In MacLisp, it was used as a hint to the compiler to say that the lambda expression could be compiled as code. Reference: The Pitmanual, 7. Definitional Forms. It was not used to create closures; the *function
special form did something similar. Reference The Pitmanual, 3. The Evaluator.
In Emacs Lisp, it is a hint to the compiler, and can also create lexical closures. Reference: Emacs Lisp Reference Manual, 12.7 Anonymous Functions.
In short, you don't have to sharp-quote lambda
because it is a macro that expands to (function (lambda ...))
, and it is function
that does all the magic.
The only sense in which function
is not necessary is that you don't have to type it yourself. It is function
, not lambda
, that is the fundamental operator. Lambda expressions themselves are just ordinary lists (which function
knows how to turn into function objects), and lambda
is just an ordinary macro. So you've got things rather backwards: that lambda expressions return function objects does not obviate function
because lambda
is explained in terms of function
.
An additional wrinkle is that in Emacs Lisp, lists that start with lambda
can be treated as functions directly, without going through function
. This is not the case in CL (although an explicit conversion is available in the form of (coerce some-list 'function)
).
Common Lisp assumed.
Why is sharp-quote needed or even possible?

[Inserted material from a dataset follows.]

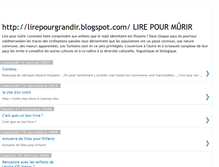 Tablet Screenshot of lirepourgrandir.blogspot.com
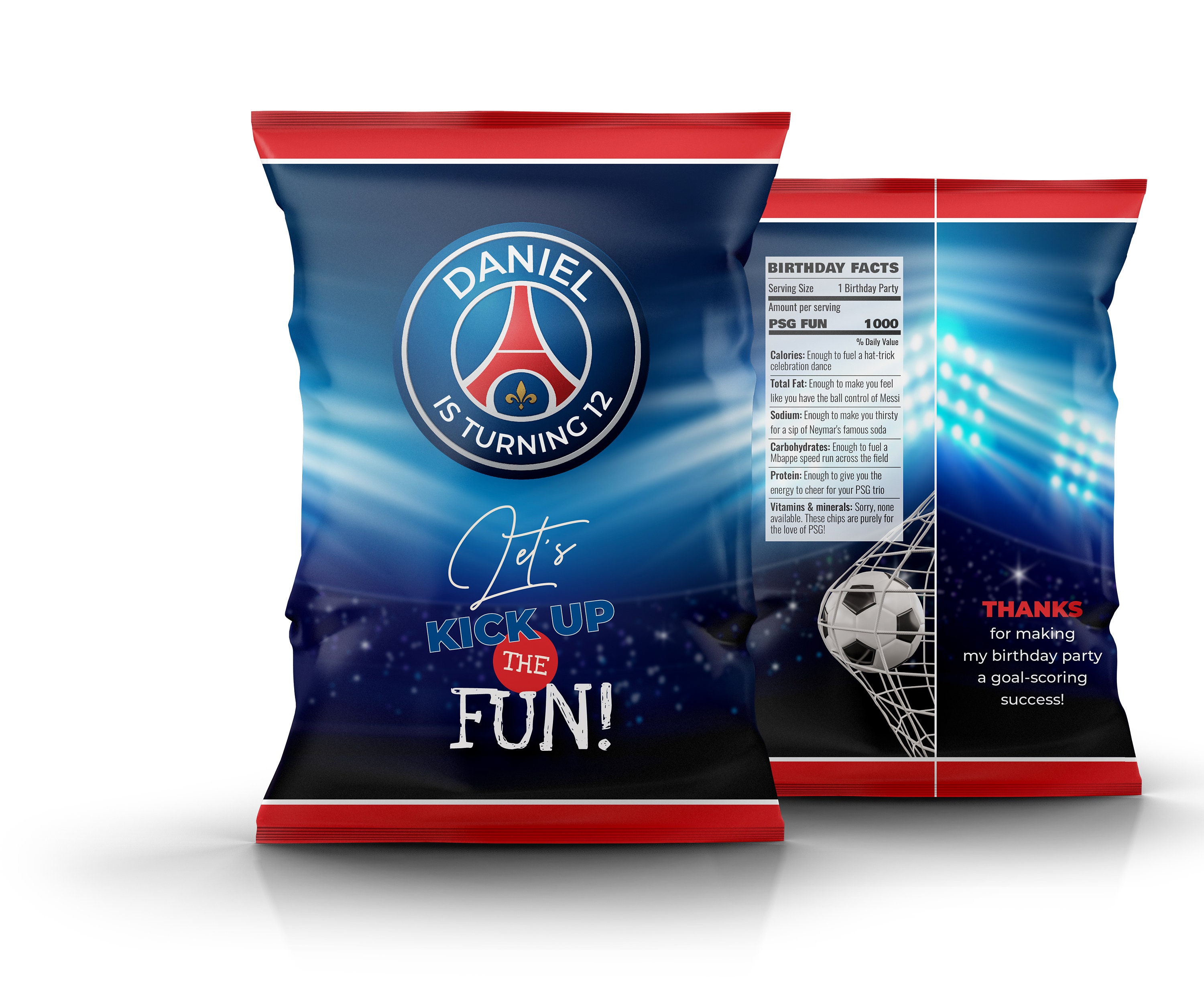 PSG Gable Box PSG Soccer Gift Box PSG Party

If you want to compute a function object from a function name (especially if you want to refer to a lexical binding) or a lambda expression, you need the special operator FUNCTION
, or shorter #'
.
lambda expressions return function objects,
They don't. Lambda expressions can't even be evaluated.

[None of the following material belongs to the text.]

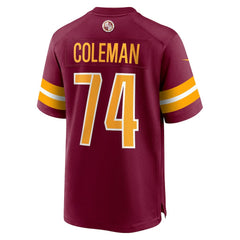 Brandon Coleman Washington Commanders Game Jersey - Burgundy Jerseys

In Common Lisp it looks like (lambda () nil)
can be evaluated. But it can't.
Sometime after CLtL1 a macro LAMBDA
has been added that expands it into a (FUNCTION ...)

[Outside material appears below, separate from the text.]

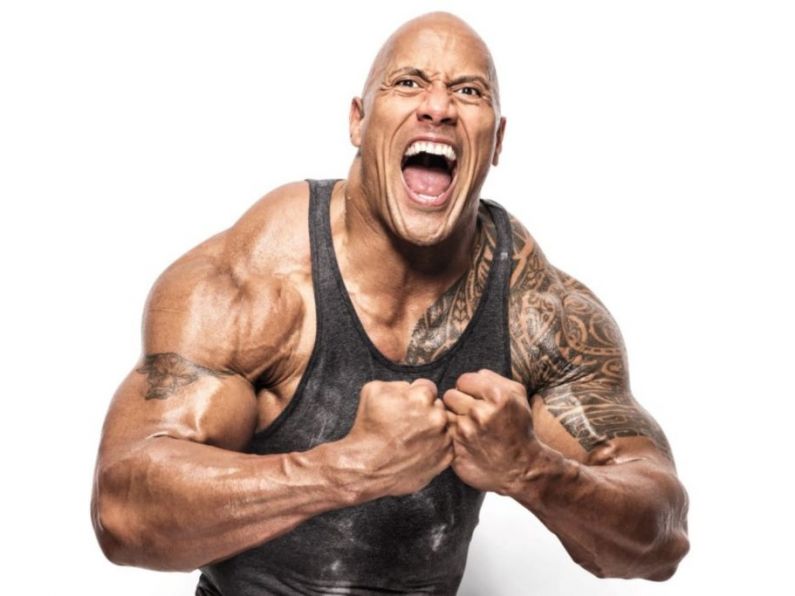 Dwayne "The Rock" Johnson uses bare hands to rip gate off the wall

expression. This macro saves some typing and let's code look a bit more like Scheme. Let's check this LAMBDA
macro:
CL-USER 17 > (macroexpand-1 '(lambda () ())) ; not a lambda expression
(FUNCTION
(LAMBDA NIL NIL) ; <- this is a lambda expression
)
T
This means that the following happens if you evaluate (lambda () ())
:
LAMBDA
is a macro. Thus the form gets expanded to (function (lambda () ()))
.(function (lambda () ()))
-> FUNCTION
is a special operator. It returns a function objectIf you write: #'(lambda () ())
or (function (lambda () ()))
, then you'll skip the macro expansion.
Okay, now for something strange:
CL-USER 18 > (lambda () ()) ; <- this is not a lambda expression.
; it's a macro form, see above
#<anonymous interpreted function 40600009FC>
Because above is a macro form, it will be expanded first and then it can be evaluated.
CL-USER 19 > (function ; <- this is a special form
(lambda () ()) ; <- this is a lambda expression
)
#<anonymous interpreted function 4060000C0C>
Here it really is a lambda expression. Inside the special operator FUNCTION
the form will not be macro expanded or similar.
CL-USER 20 > ( ; <- this is a function call
(lambda () ()) ; <- this is a lambda expression
)
Above again, shows a lambda expression. Where ((function (lambda () ())))
is not valid Common Lisp. In the function position of a function call, Common Lisp expects either a function name or a lambda expression, but not something which needs to be evaluated.
and sharp quoting returns function objects from names.
FUNCTION
, for which #'
is a short notation, returns function objects from function names or lambda expressions.
See the documentation: FUNCTION.
I also have heard contradictory information on whether lambda expressions are names - in particular On Lisp contradicts the standard, but his code seems to work which also contradicts the standard.
If you want to hear the last word, read the ANSI CL standard. Alternatively use the Common Lisp Hyperspec, which is web-readable and derived from the standard.
On Lisp is definitely useful to read, but it might not follow the wording or semantics of ANSI CL in full detail. On Lisp was published after CLtL2, but before ANSI CL.
What does it mean practically when writing code?
If you are old, like me, and CLtL1 was the last thing you read of Common Lisp then write code like:
(mapcar #'(lambda (x) (* x x)) '(1 2 3))
If you are even older and grew up with Scheme, or are younger and have read the Common Lisp Hyperspec, then you might want to write:
(mapcar (lambda (x) (* x x)) '(1 2 3))
But for all, when it comes to function names, this is the default to write:
(mapcar #'sin '(1 2 3))